Set down, please, exactly the lines below that run from the line with "Mini Bolso de" to the line with "Size: 640x800 |", both lines included.

> **Data records**:
━━━━━━━━━━
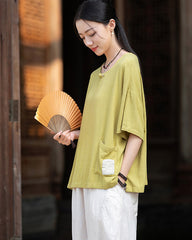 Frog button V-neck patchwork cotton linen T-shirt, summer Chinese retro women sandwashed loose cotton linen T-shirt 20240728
━━━━━━━━━━
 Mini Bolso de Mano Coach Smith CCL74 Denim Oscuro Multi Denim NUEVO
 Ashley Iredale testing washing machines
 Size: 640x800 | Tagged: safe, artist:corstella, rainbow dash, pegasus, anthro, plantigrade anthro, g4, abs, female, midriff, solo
━━━━━━━━━━
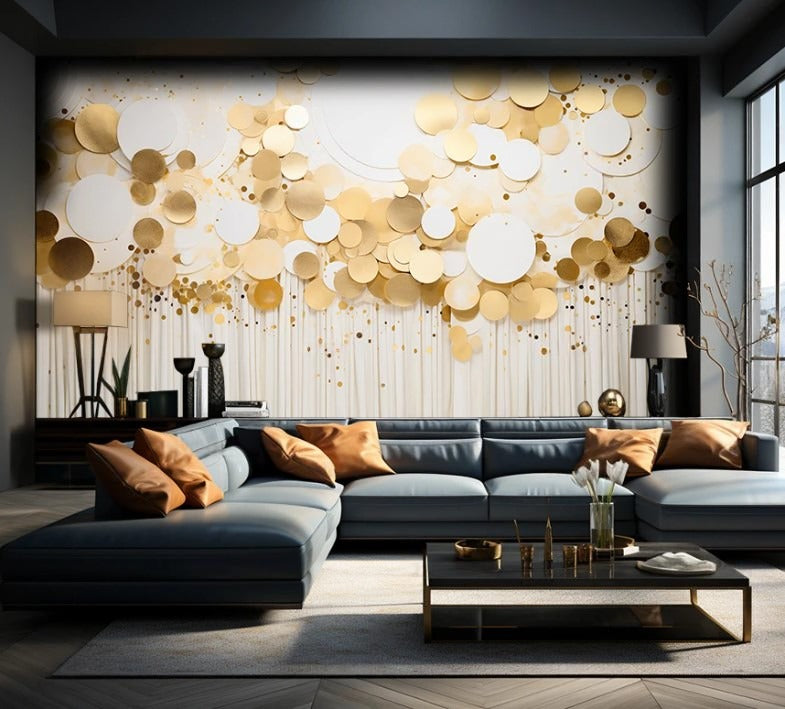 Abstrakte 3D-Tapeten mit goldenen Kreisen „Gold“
━━━━━━━━━━
> **Solution below**:
 Mini Bolso de Mano Coach Smith CCL74 Denim Oscuro Multi Denim NUEVO
 Ashley Iredale testing washing machines
 Size: 640x800 | Tagged: safe, artist:corstella, rainbow dash, pegasus, anthro, plantigrade anthro, g4, abs, female, midriff, solo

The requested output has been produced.